Sitting in public in London on 17-25 November 2008

Stephen Brandon QC, and Mr Rory Mullan, instructed by Speechley Bircham LLP, solicitors, for the Appellants

Malcolm Gammie QC, instructed by the General Counsel and Solicitor to HM Revenue and Customs for the Respondents

© CROWN COPYRIGHT 2009

1

DECISION

1The Appellants in these joined appeals are P A Holdings Ltd (“PA”) in both appeals and Kully Janjuah, the tax manager, and an employee, of PA in respect of the appeals about National Insurance contributions (“NI contributions”).

2The central issue in these joined appeals is whether the Respondents (“HMRC”) are entitled to assess certain sums received by Mr Janjuah and other employees of PA as sums on which HMRC are entitled to:

(a) income tax payable by PA under regulation 80 of the Pay As You Earn Regulations 2003 (“PAYE Regulations”) and

(b) NI contributions from both PA and Mr Janjuah by reason of decisions under section 8 of the Social Security (Transfer of Functions) Act 1999 (“the Transfer of Functions Act”).

The scope of these decisions

3It was agreed by us with the parties that we would examine the decisions taken by HMRC under the PAYE Regulations in principle and that we would not deal with matters of quantum or timing.

4The PAYE decisions relate to sums received by employees in the tax years 2000-01, 2001-02 and 2002-03 for the accounting years 1999, 2000 and 2001 respectively.

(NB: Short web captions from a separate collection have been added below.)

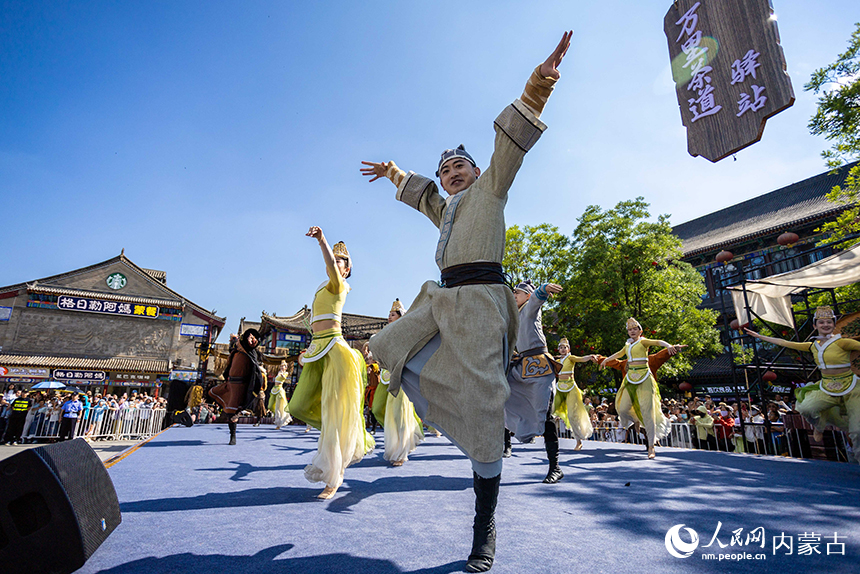 呼和浩特市玉泉区塞上老街旅游休闲街区，参加《驼道》主题巡游的演员在进行表演。丁根厚摄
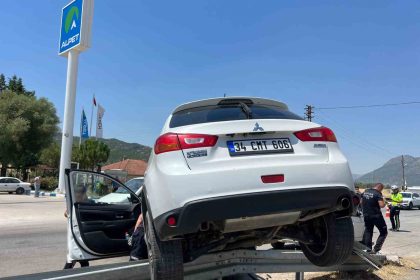 burdur-antalya-karayolunda-iki-otomobil-carpisti-2si-cocuk-5-yarali
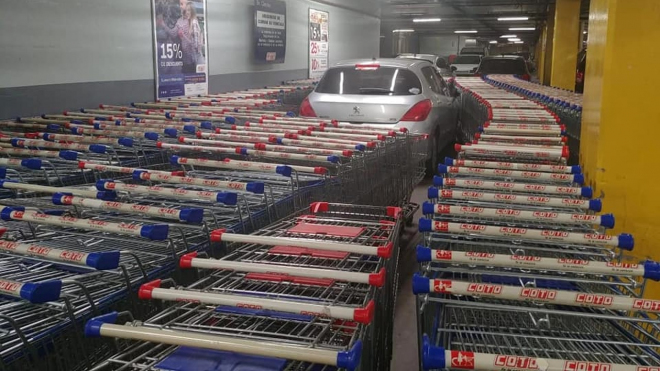 Řidič v obchodním centru parkoval, kde neměl, zaměstnanci se mu krutě pomstili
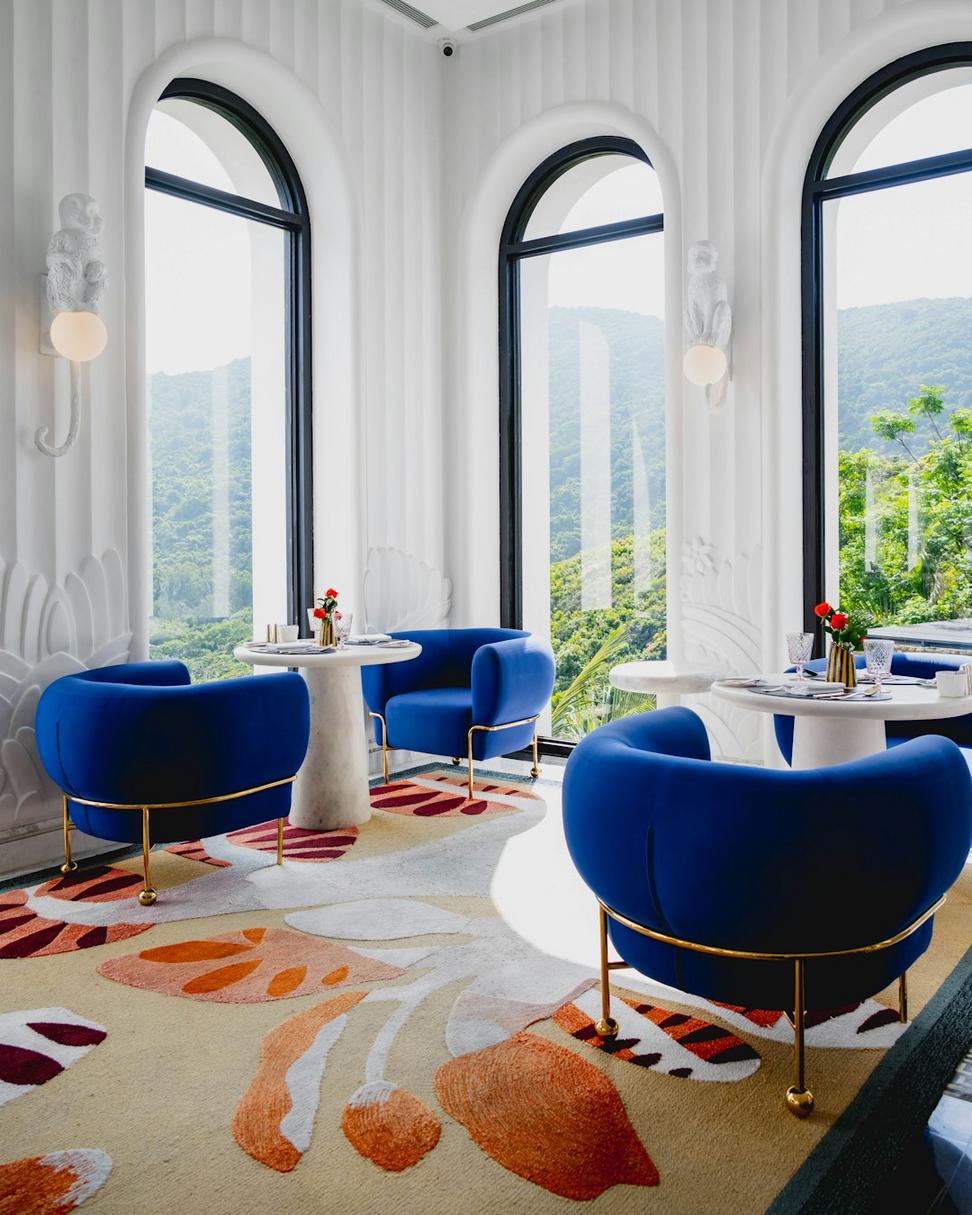 Luxury room with mountain view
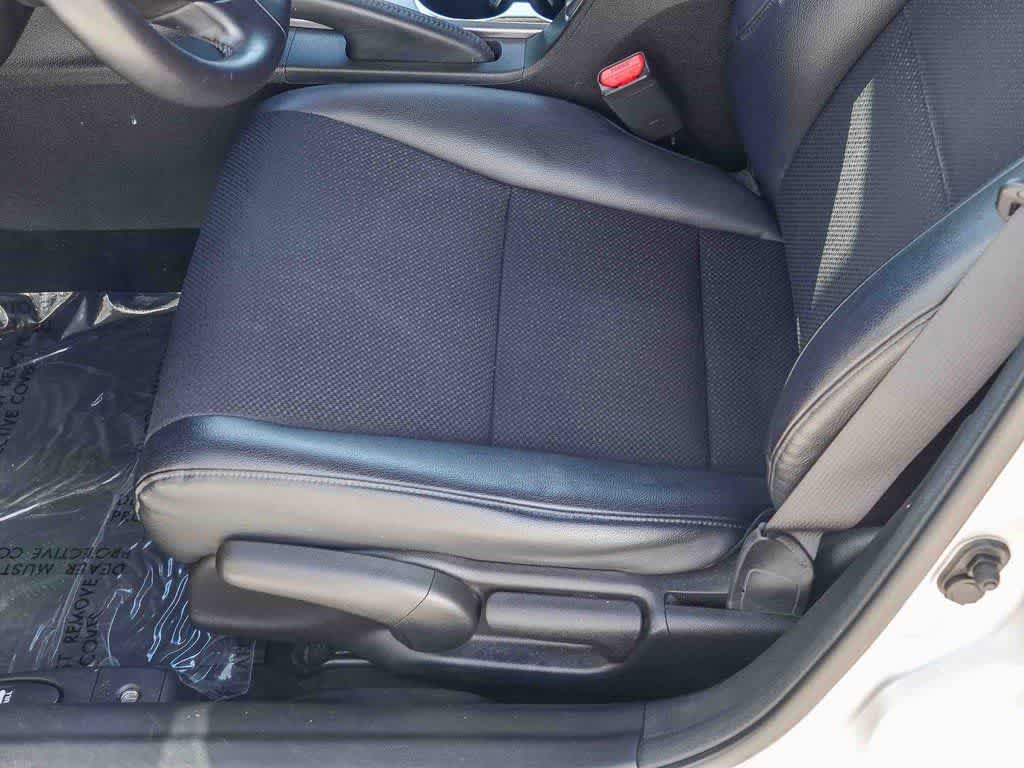 Thumbnail: 2013 Acura ILX - 20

As there were differences in the way events happened between those years, we examine what happened in each of those years. We look at 1999 with 2000-01 first and then consider the differences that apply in later years.

5It was agreed by us with the parties that other assessments involving a company associated with the Appellant company should also be held over pending our decisions in these appeals.

6It was agreed by us with the parties that for the purposes of examining liability to NI contributions we would examine the position of one employee only, with any assessments against other employees being held over. That employee is Kully Janjuah, tax manager of PA at all times relevant to the appeals. He was an appellant before us in connection with NI contributions but not the PAYE Regulations. He gave full evidence before us for PA. Having taken advice, he made no separate submissions nor gave any separate evidence to us as an individual appellant.

The nature of section 8 decisions

7Decisions about NI contributions are made by HMRC under section 8(1) of the Transfer of Functions Act. Decisions under that section apply for all contribution and benefit purposes of Parts I to V of the Social Security Contributions and Benefits Act 1992. A section 8 decision is therefore of its nature one that affects the individual employee as well as the employer. It also affects benefit entitlements as well as contribution liabilities. The decision made by HMRC under section 8 must, under the relevant regulations, name both the employer and the employee to whom it applies. See regulation 3 of the Social Security Contributions (Decisions and Appeals) Regulations 1999 (SI 1999 No 1027). If one has a liability to pay then so in principle does the other.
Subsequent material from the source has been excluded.